Me deja caer mi adolescente que entre los de su edad está de moda poner cama de matrimonio en sus dormitorios. La miro fijamente y respondo que ni lo sueñe. Que eso es como saltarse medio tablero de la Oca. Que mi primera cama de matrimonio llegó con el matrimonio (ahí me veo carca cual Bernarda Alba, sí, y tiñosa porque ya me hubiera gustado tener una king size cuando me emancipé a los 23, pero no cabía en el dormitorio).

Le digo que no me consta que se le salgan los pies de su cama de 90 centímetros. Que el día que se caiga por falta de espacio me avise y le pondré una barandilla. Me mira furiosa.

Toda madre moderna se enfrenta a su vis más rancia y conservadora varias veces por semana. En mi caso, sin disimulo: “Ya les he dicho a mis amigas que no se dejen engañar por tus zapatos, tu ropa y tus labios rojos,  que eres una antigua y que no me dejas hacer nada“, me echa en cara la mayor constantemente.  Yo le saco mis últimos Pons Quintana de leopardo y ella se enrabieta un poco más.
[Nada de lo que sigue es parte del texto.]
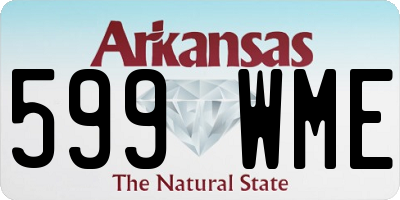 AR license plate 599WME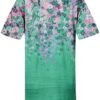 412UsXCvLL._AC_.jpg SHAOBGE Summer Tops for Women 2025 Trendy Boho Floral Print Tunic Shirt Short Sleeve Button v Neck Tshirt Casual Loose Blouse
Minichuki, que tiene la escuela de la rebeldía en casa, se me encaró ayer en el autobús porque quiere ir sola al colegio y dice “estar harta” de que la acompañe “como si fuera una pequeñaja“. Dos señoras que iban a nuestro lado se sonrieron y le dijeron: “Ay esa mamá que no te deja solita…“. La enana se mordió los labios y se ajustó la mochila, muy digna ante el diminutivo de la humillación -“que sepas que en un año seré preadolescente”, murmuró como amenaza final-.
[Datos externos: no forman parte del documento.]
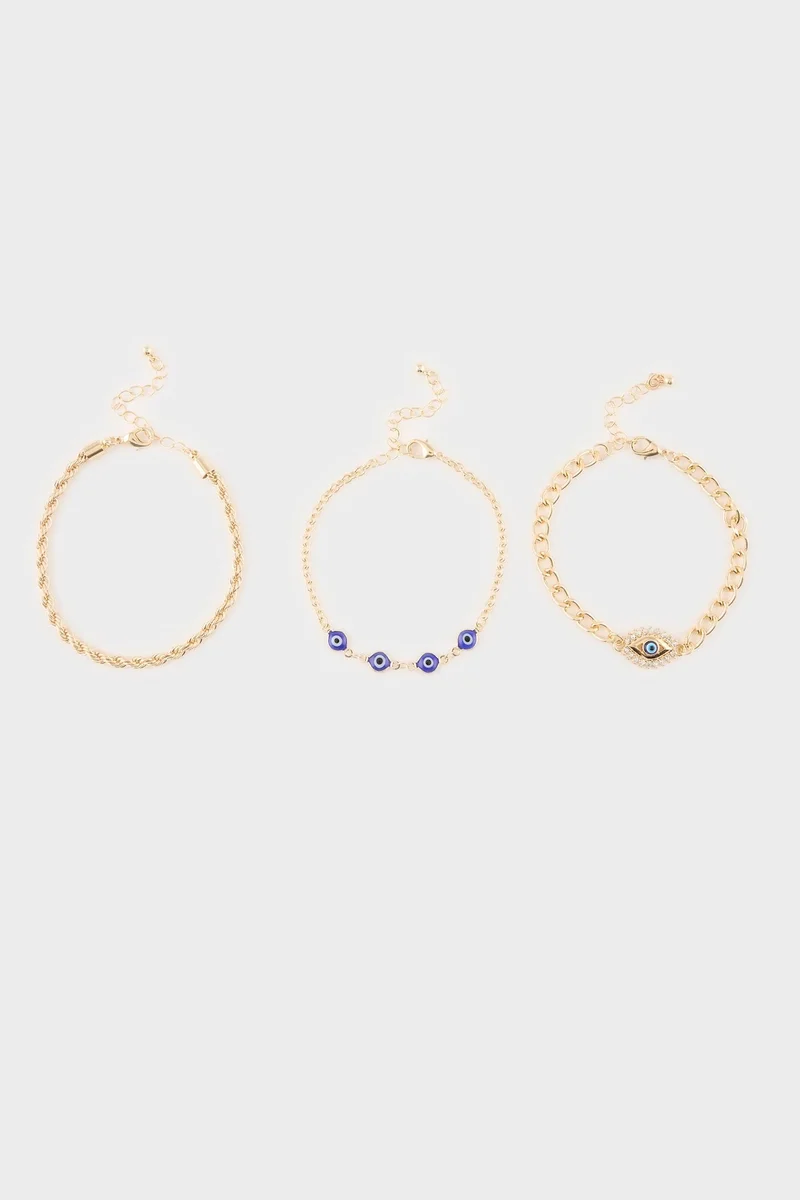 Defacto  Woman 3 Piece Bracelet Set for Women | Best Price UAE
Toda madre moderna de real life se pregunta a menudo si de verdad lo es. Dos minutos después calcula los años que le quedan con hijos en casa y planifica la demolición de un par de tabiques para entonces. El vestidor con sus espejos trucados. Y una cama aún más grande que la del matrimonio que ya fue, in ille tempore, dotado de apliques de luz con sensores de movimiento que te siguen cuando pasas página y cambias de postura. El vaso de agua, la vela aromática y una banda sonora para cada estado de ánimo.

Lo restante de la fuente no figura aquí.